EKMEĞINEN YE Kİ YÜREENİ DUTSUN

“Çocukluğumuz, 1909 İğtişaş’ını, Birinci Dünya Savaşını, Fransız İşgalini, Kaç-Kaç’ı ve Kurtuluş Savaşı ile Atatürk dönemlerine tanıklık etmiş büyüklerimizi dinlemekle geçti” dersem, yeri var. Büyüklerimiz, yani dedelerimiz, nenelerimiz üst üste patlayan savaşlar ve özellikle Kaç-Kaç felâketi dönemlerinde ciddi kıtlık ve açlık günlerini unutmadılar. Bu nedenle de, özellikle yiyecek israfına asla göz yummazlardı.
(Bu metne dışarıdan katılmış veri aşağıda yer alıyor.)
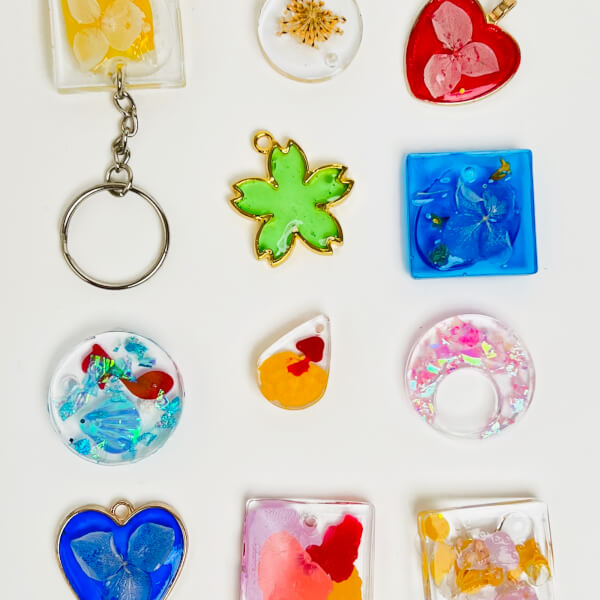 JEWELRY MADE WITH UV RESIN IS SO MUCH FUN
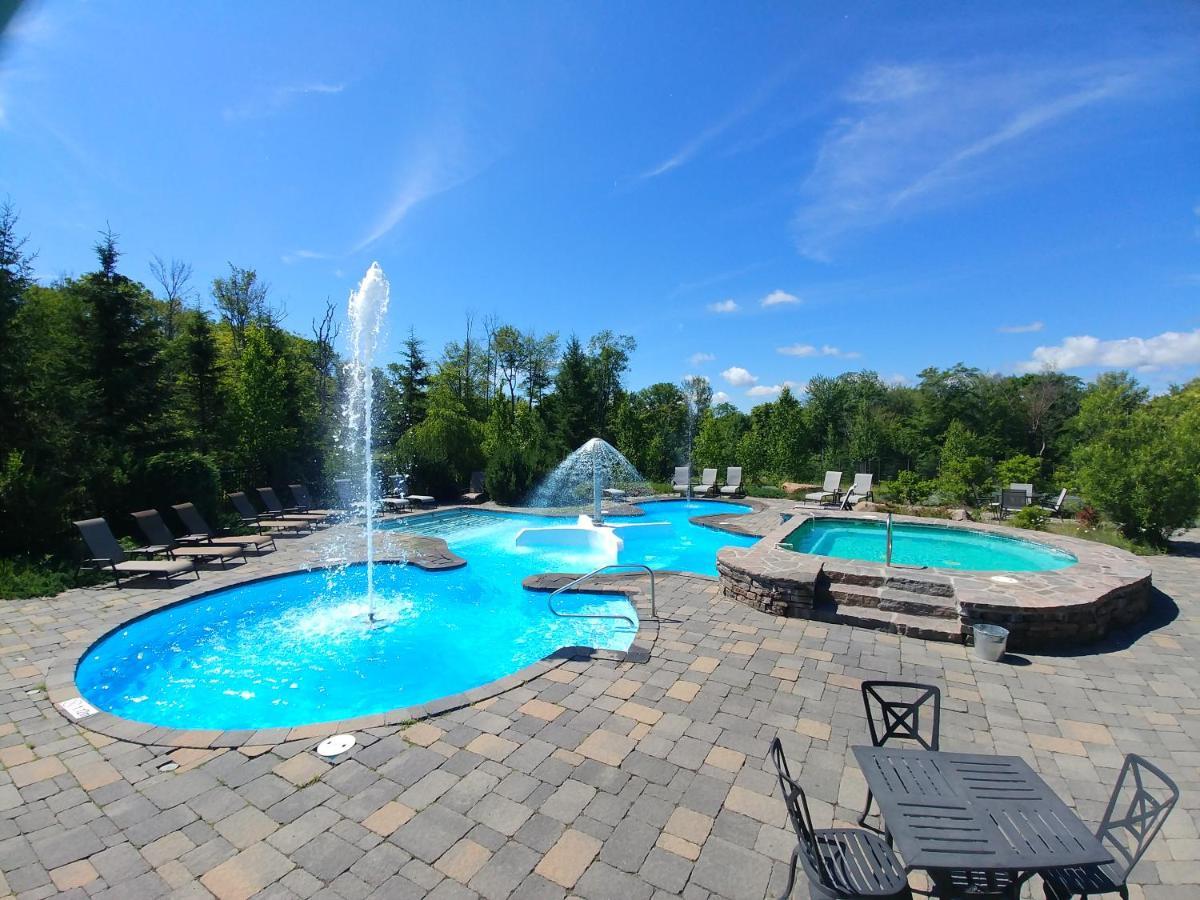 Cap Tremblant Mountain Resort Mont-Tremblant Exterior foto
O dönemlerde ekmek yapacak unu bulabilmek de kolay değildi. Ellerine ne geçerse; buğday, mısır, arpa, yulaf ve hatta süpürge darısı tohumu, karıştırıp ekmek yaparak çoluk-çocuğu aç bırakmamanın çekilmez tasasını da unutmamışlardı. Ekmek bulunsa, katık bulunmazdı. Az bir yemek yapılabilirse, bol ekmekle yenilirdi ki, karın doysun. O günlerin verdiği alışkanlıkla, bizim kuşak büyüklerinden “Yavrım ekmeğınen ye ki yüreeni dutsun” önerisiyle pek sık karşılaşmıştır. Yüreği tutan yiyecek demek, doyurucu yemek demekti. Yemeği ekmeksiz ya da az ekmekle yiyen çocuk çabuk acıkabilir ve akşama yeterli yemek kalmayabilirdi.
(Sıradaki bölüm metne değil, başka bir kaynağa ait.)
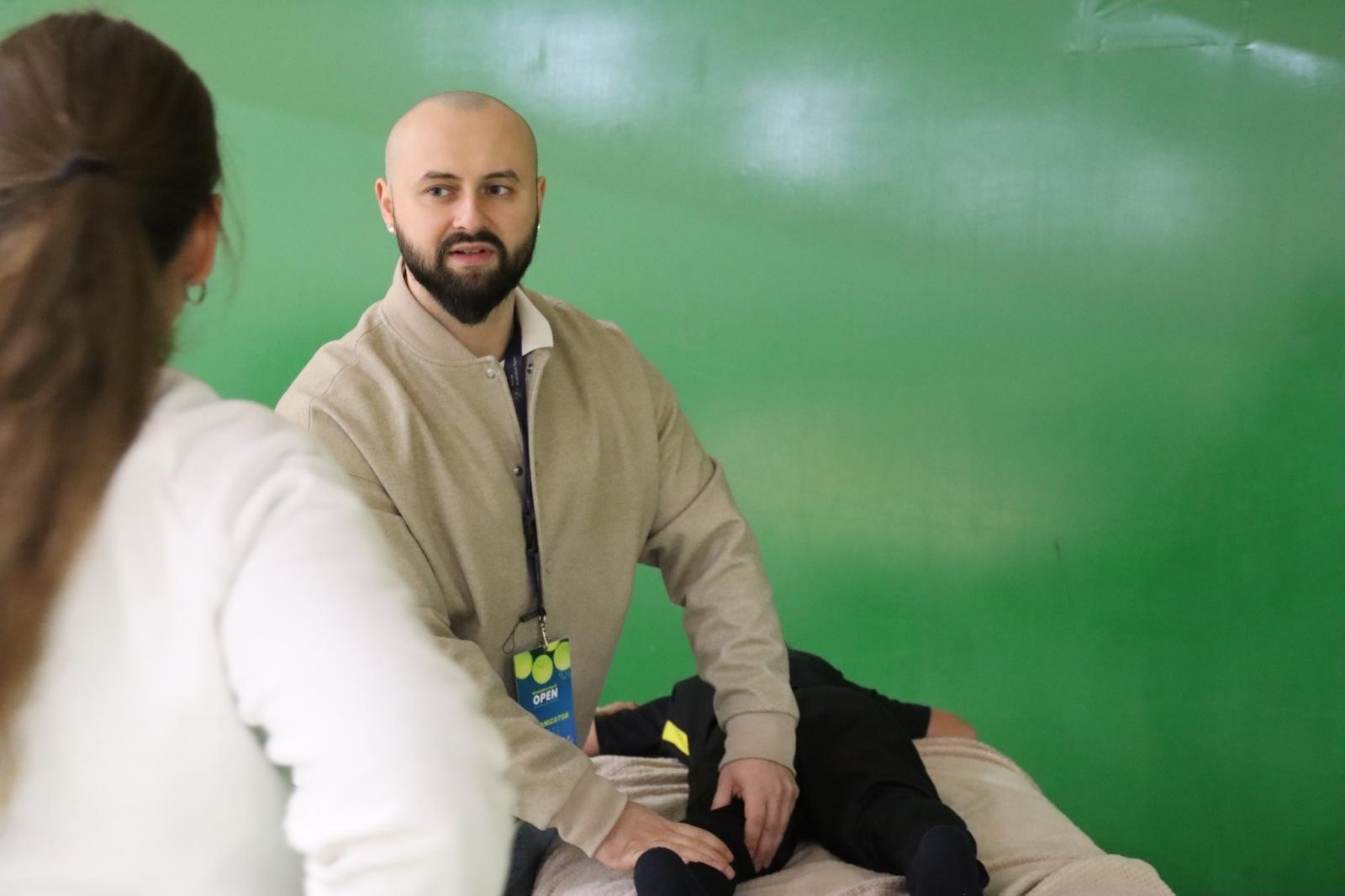 Zdjęcie w galerii na portalu naszwodzislaw.com: Zgłębiali tajniki gry w tenisa ziemnego wiadomości z regionu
Ekmek sözcüğü un, su ve ateş üçlüsünün verdiği nimetten fazla anlam taşırdı. Halen de öyle olduğunu söyleyebilirim. Dikkat ettim de, son beş-altı yılda “Ekmek derdi, Ekmeği bulamamak, Ekmek peşine düşmek, Ekmeği kesilmek…” gibi ifadeler sıklaştı ve giderek artıyor. Ekmek, bize göre kutsaldır, nimettir, kazançtır, iştir… Yerde ekmek parçası bulunca mutlaka alır, üç kez öptükten sonra ayak basmayacak yere kaldırırdık.
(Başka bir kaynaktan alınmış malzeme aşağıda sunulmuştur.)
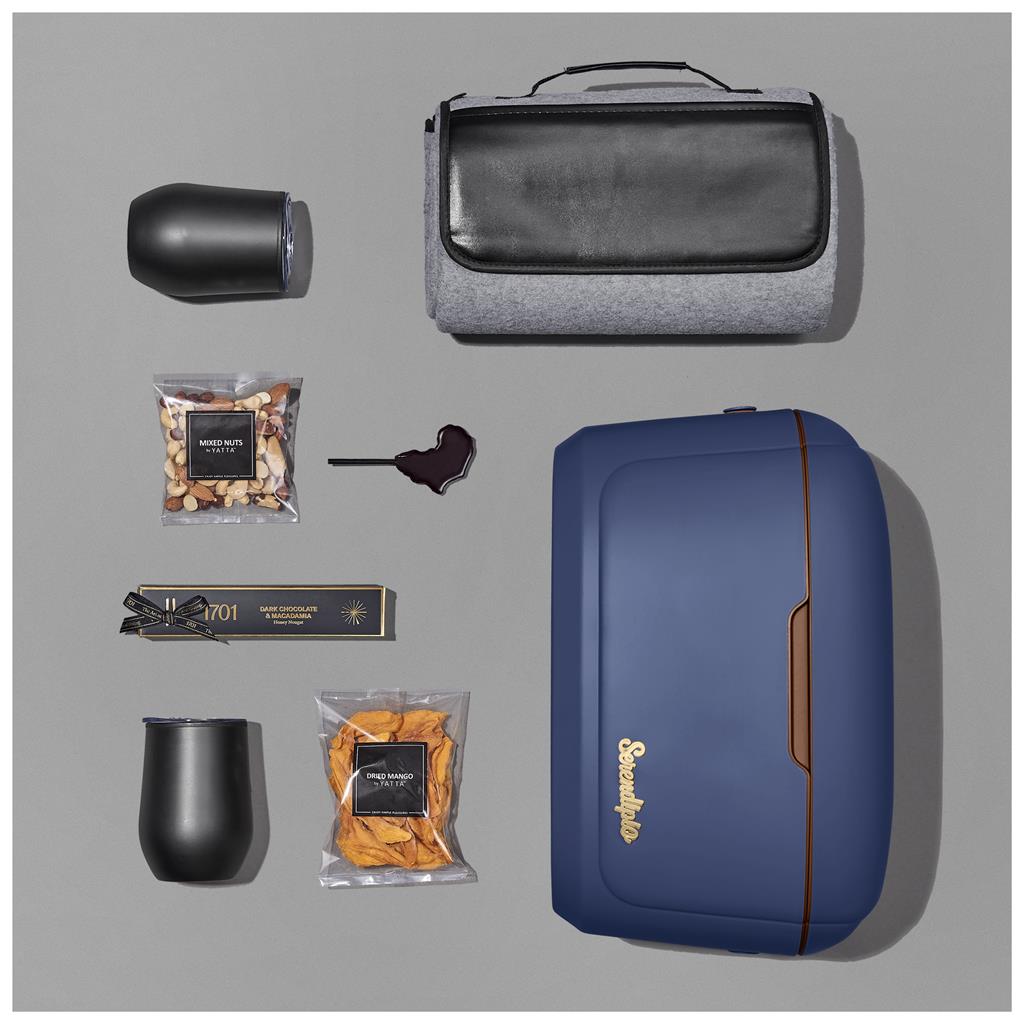 Yatta Lavish Leisure Hamper - Image 23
Başta Profesör Canan Karatay olmak üzere, bazı bilim insanları “Aman ekmek yemeyin” havasında fetva yarışına girdiler. Bilimsel açıdan bakıldığında, günümüz ekmeğindeki özellikler bu fetvaları haklı çıkarıyor. Velâkin, neden ve ne kadar haklı olduklarını yeterince anlatmıyorlar. En iyisi, “yüreemize dutsun” diye ekmeği bol yiyen kuşağın son temsilcilerinden biri olarak konuya bir neşter atmak. İzninizle, atıyoruz neşteri…
SÖZE “HAS EKMEK”LE GİRELİİİM VE GÖRELİM
Has Ekmek üretimi Adana’ya geldiğinde 6-7 yaşlarında çocuktum. Şöyle –böyle 70 yıl olmuştur demek ki… Sadece Asri Fırın has ekmek çıkarıyordu. Asri demek, çağdaş demek. Fırın, Abidinpaşa’da, şimdi Merkez Bankasının oturduğu alanın batı köşesindeydi. Ekmeği odunla değil de buharla pişirdiğini söylerlerdi. Gerçekten öyle mi, bilmiyorum.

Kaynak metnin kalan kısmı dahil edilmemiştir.